## Problem to solve:
All the data below needs to be retyped exactly as shown.

## Recorded information:
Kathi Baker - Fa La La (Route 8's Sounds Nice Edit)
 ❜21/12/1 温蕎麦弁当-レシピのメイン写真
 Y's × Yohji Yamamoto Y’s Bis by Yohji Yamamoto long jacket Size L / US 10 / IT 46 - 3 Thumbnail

## Finished exercise:
Kathi Baker - Fa La La (Route 8's Sounds Nice Edit)
 ❜21/12/1 温蕎麦弁当-レシピのメイン写真
 Y's × Yohji Yamamoto Y’s Bis by Yohji Yamamoto long jacket Size L / US 10 / IT 46 - 3 Thumbnail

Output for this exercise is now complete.